[Records shown Boundary: Start]
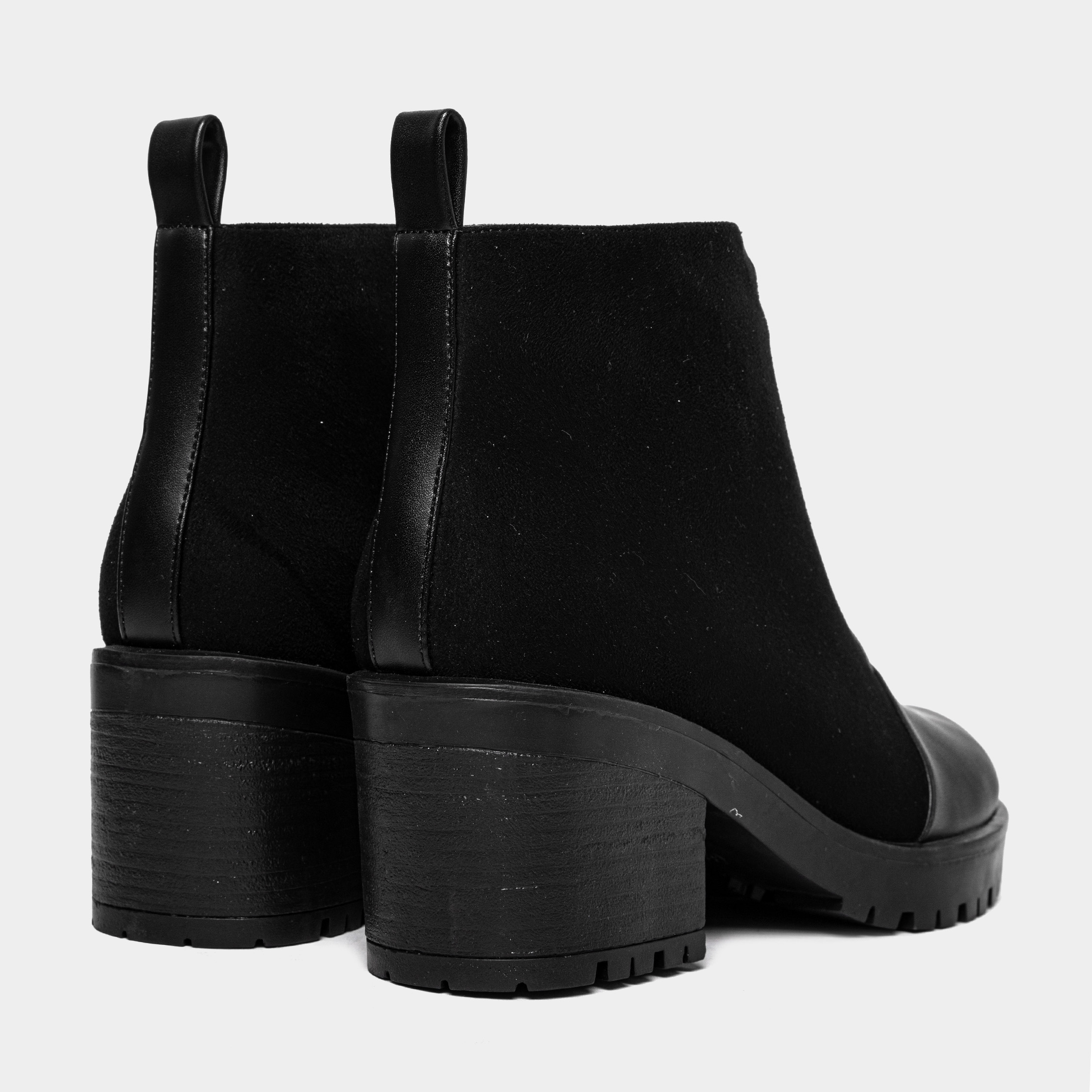 Ripley - BOTINES MUJER FOOTLOOSE NEGRO FD-049 (35-39) HANNE
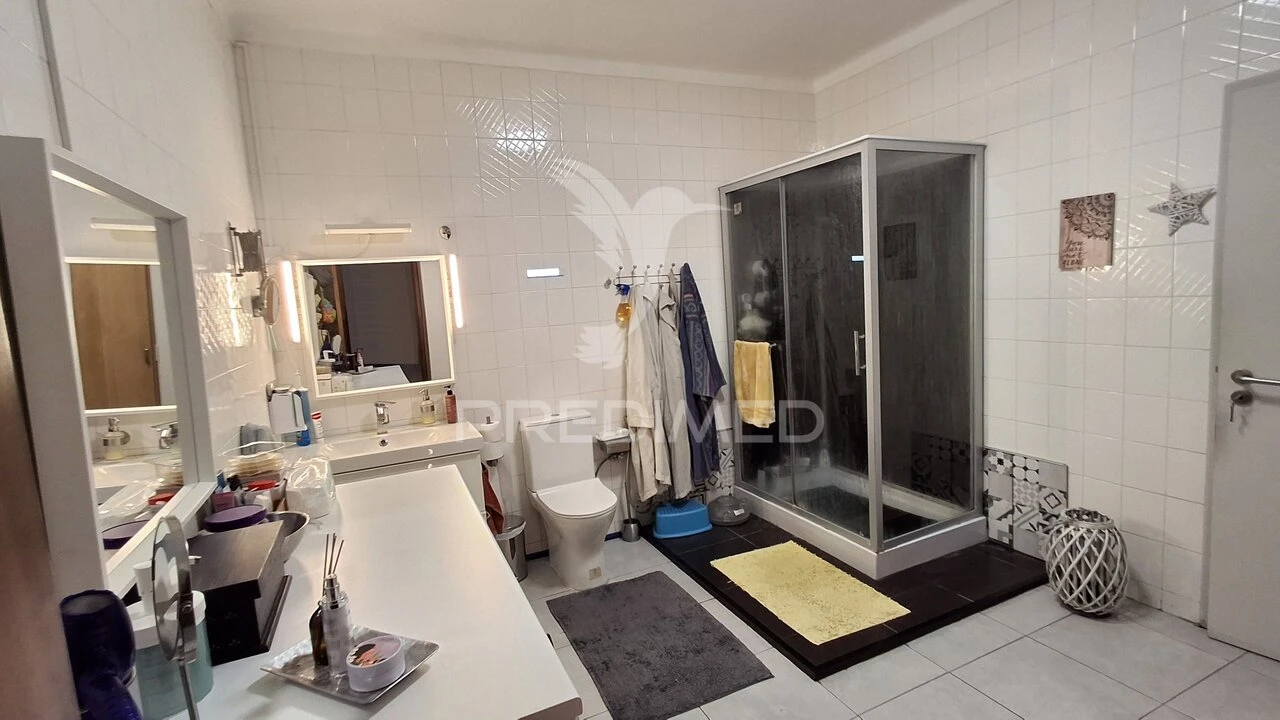 Moradia T6 para Venda em Samora Correia Foto 23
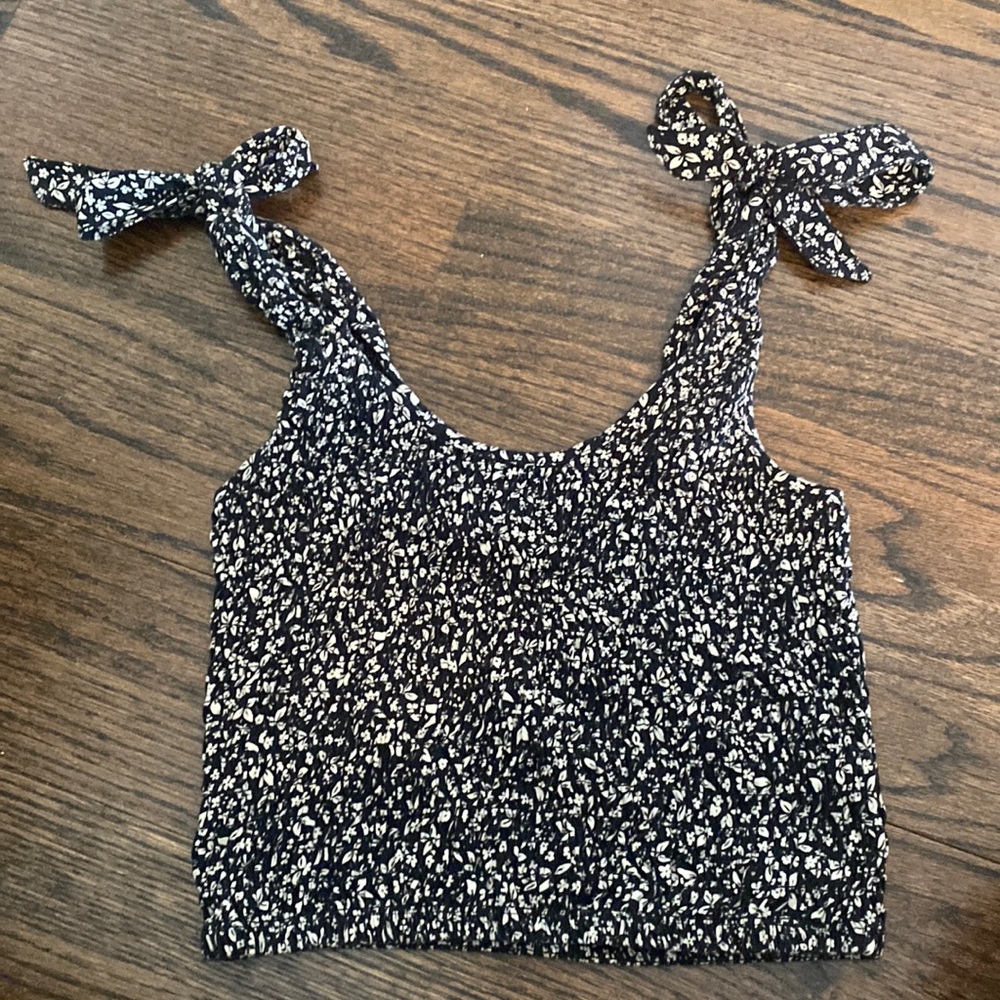 Floral tie crop top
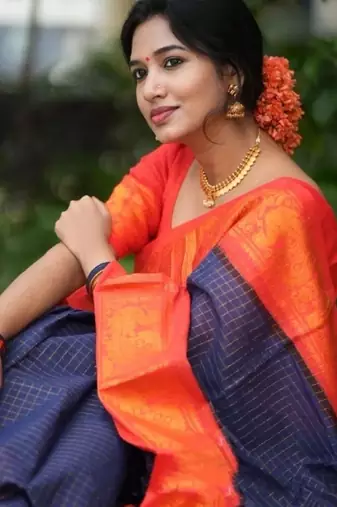 Blue red silk blend banarasi saree with unstitched blouse piece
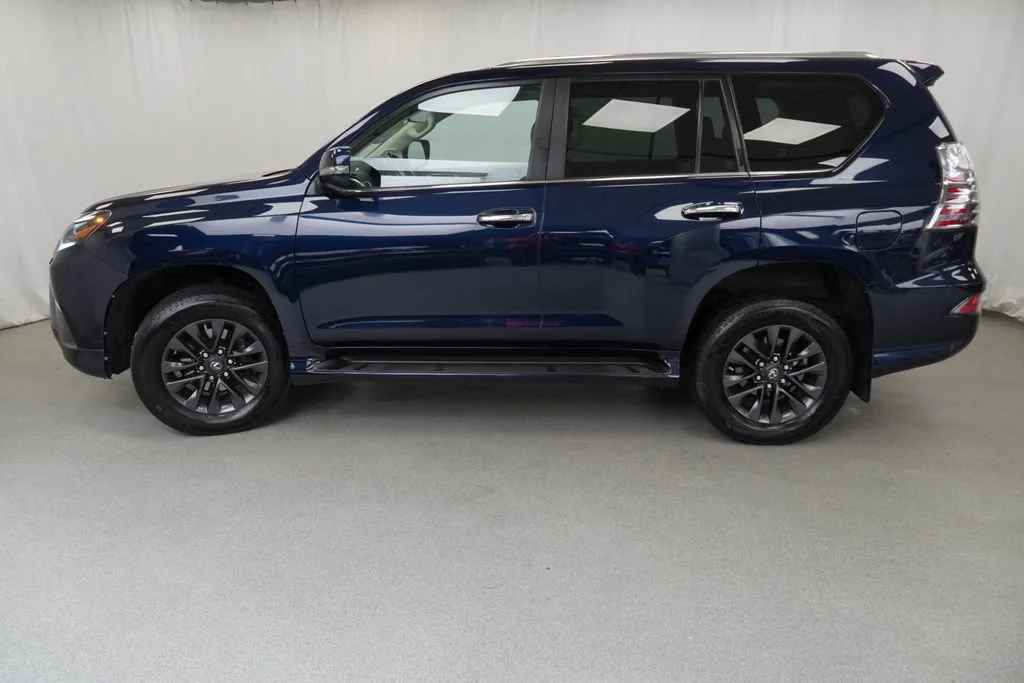 Used 2022 Blue Lexus Premium image 6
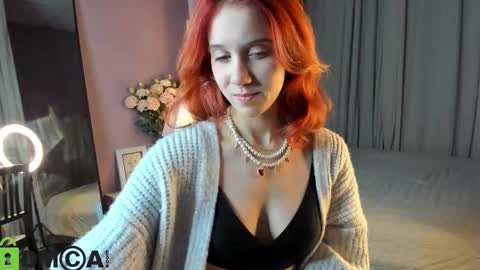 Snapshot of dearly_emily chatting on 10.30.25 Emily GMT2 Mon 10 AM - 4 PM Wed 10 AM - 4 PM Thu 10 AM - 4 PM Fri 10 AM - 4 PM Sat 10 AM - 4 PM online show from 10.30.25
[Records shown Boundary: End]
- _Work item_:
The answer must consist of the line containing "Blue red silk" and every line after it through the end of the records, retyped exactly, with all pictures left out.

- _Exercise output_:
 Blue red silk blend banarasi saree with unstitched blouse piece
 Used 2022 Blue Lexus Premium image 6
 Snapshot of dearly_emily chatting on 10.30.25 Emily GMT2 Mon 10 AM - 4 PM Wed 10 AM - 4 PM Thu 10 AM - 4 PM Fri 10 AM - 4 PM Sat 10 AM - 4 PM online show from 10.30.25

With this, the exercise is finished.